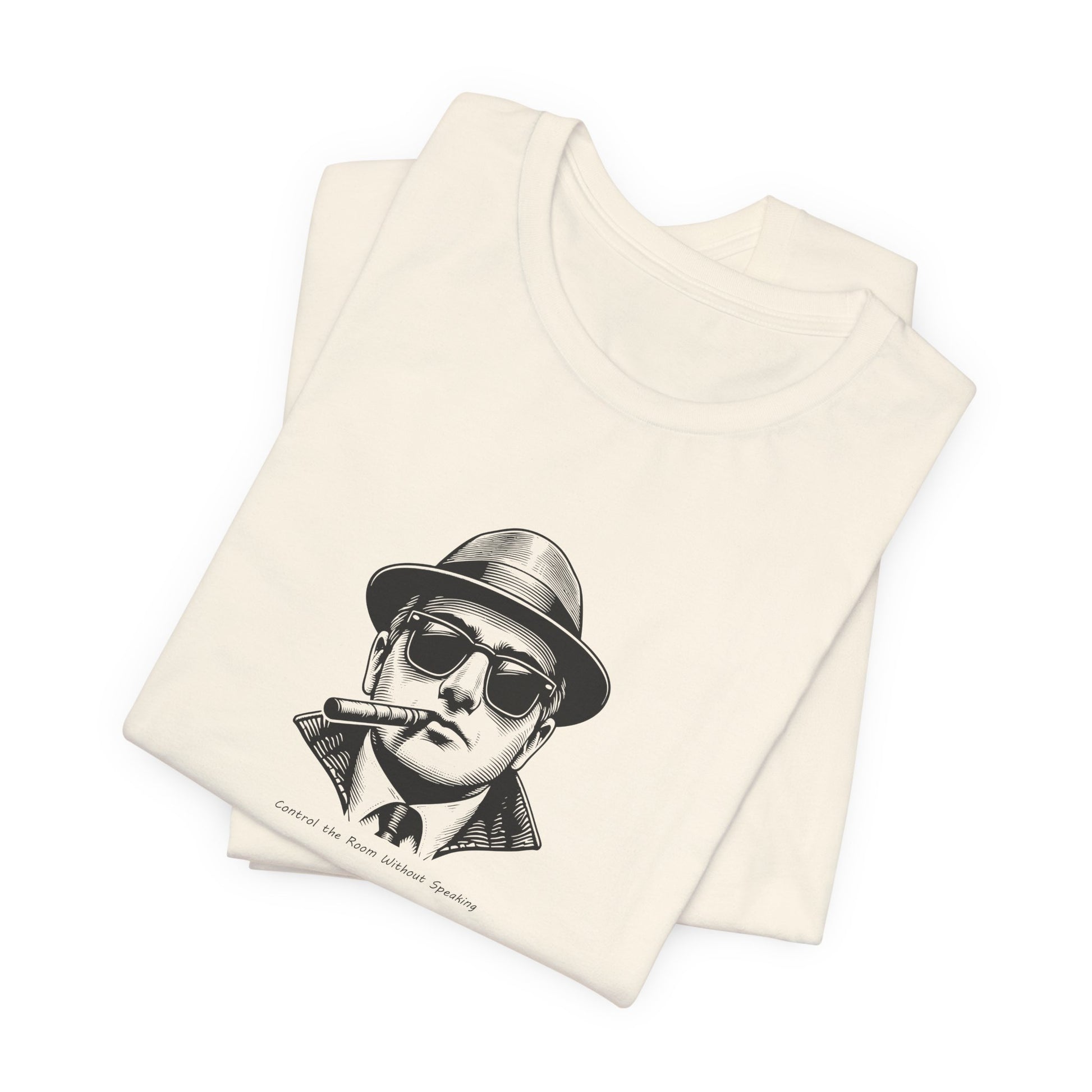 Folded tank top with a graphic of a person wearing a hat and sunglasses on a white background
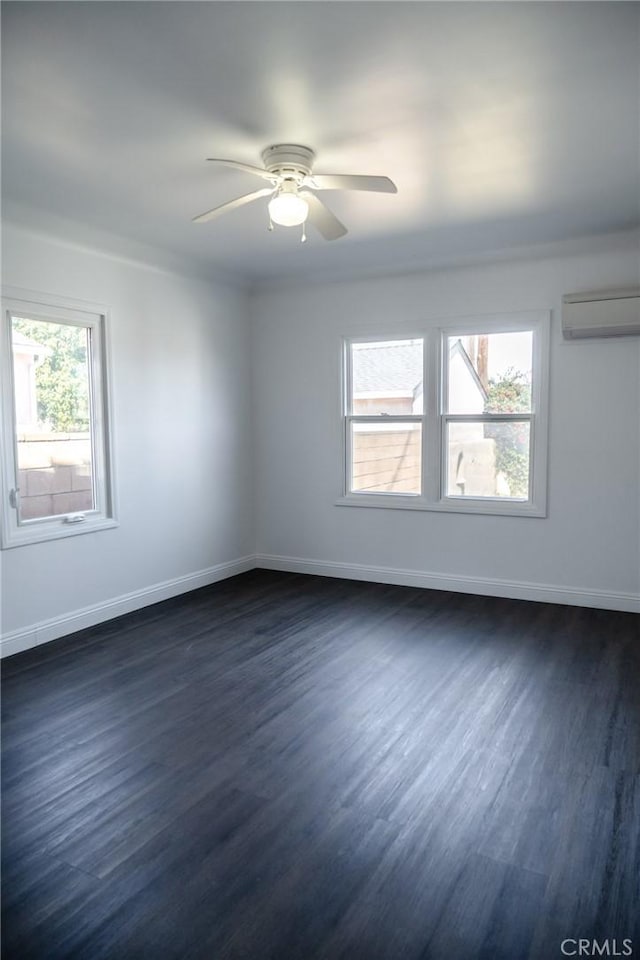 unfurnished room featuring a wall unit AC, ceiling fan, baseboards, and dark wood-type flooring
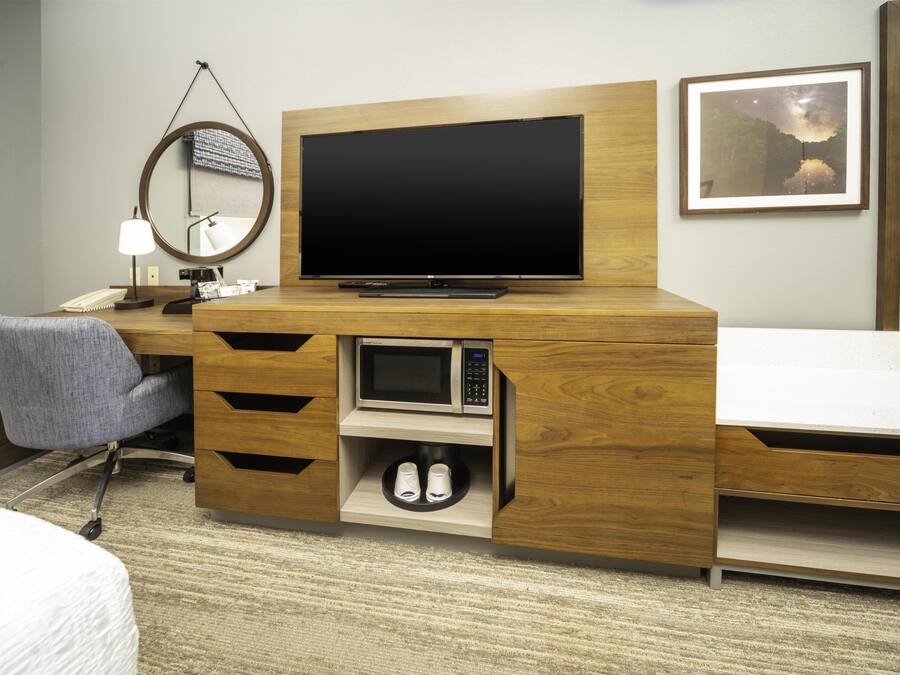 Quarto de hotel com escrivaninha de madeira, televisão, espelho, cadeira, micro-ondas e uma cama.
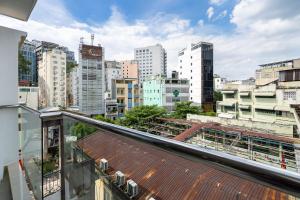a view of a city from the balcony of a building at Ekomo Home 95 - Metro Ben Thanh in Ho Chi Minh City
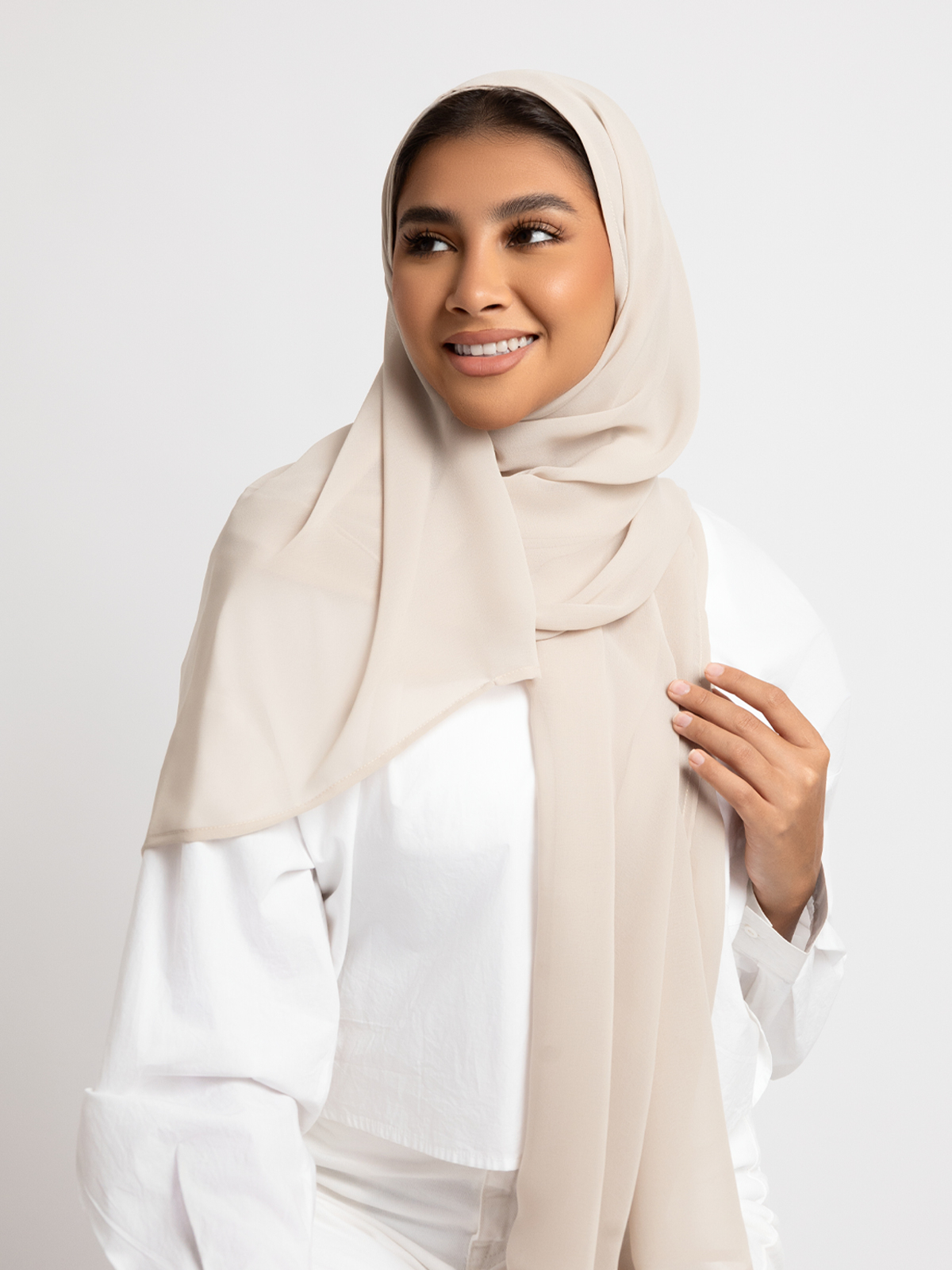 Luxurious chiffon hijab plain laser tarha 200 cm long beige color high quality material online in ksa by kaafmeem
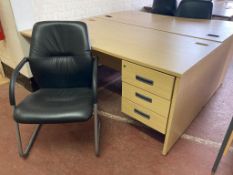 A three drawer oak effect desk, width 160 cm together with a black leather chair.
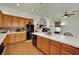 Spacious kitchen with tile countertops, wood cabinets, and stainless steel appliances at 9142 Royal Monarch Ct, Las Vegas, NV 89147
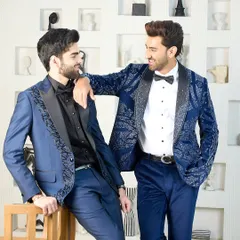 Two distinct but harmonious blue tuxedos. One features heavy silver embroidery for a bold statement, while the other has more subtle detailing, showing the range of customization I offer.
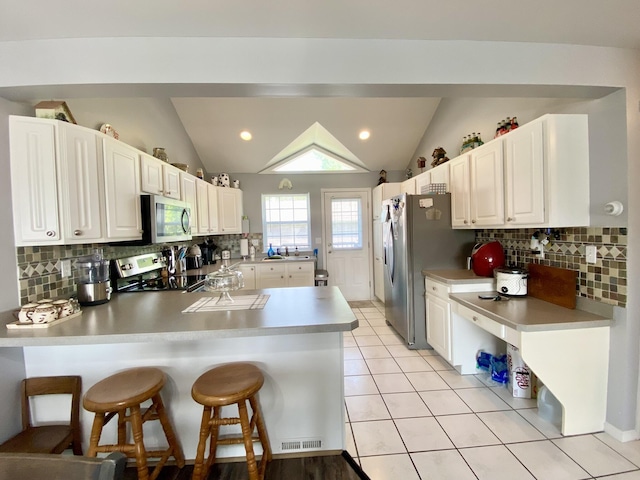 2476 W Branch Dr, West Branch, MI 48661 - kitchen featuring appliances with stainless steel finishes, a peninsula, decorative backsplash, lofted ceiling, and a breakfast bar area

_Task prompt_
Without any of the pictures, set the entries down again exactly as written.

_Finished exercise_
 Folded tank top with a graphic of a person wearing a hat and sunglasses on a white background
 unfurnished room featuring a wall unit AC, ceiling fan, baseboards, and dark wood-type flooring
 Quarto de hotel com escrivaninha de madeira, televisão, espelho, cadeira, micro-ondas e uma cama.
a view of a city from the balcony of a building at Ekomo Home 95 - Metro Ben Thanh in Ho Chi Minh City
 Luxurious chiffon hijab plain laser tarha 200 cm long beige color high quality material online in ksa by kaafmeem
 A three drawer oak effect desk, width 160 cm together with a black leather chair.
 Spacious kitchen with tile countertops, wood cabinets, and stainless steel appliances at 9142 Royal Monarch Ct, Las Vegas, NV 89147
 Two distinct but harmonious blue tuxedos. One features heavy silver embroidery for a bold statement, while the other has more subtle detailing, showing the range of customization I offer.
 2476 W Branch Dr, West Branch, MI 48661 - kitchen featuring appliances with stainless steel finishes, a peninsula, decorative backsplash, lofted ceiling, and a breakfast bar area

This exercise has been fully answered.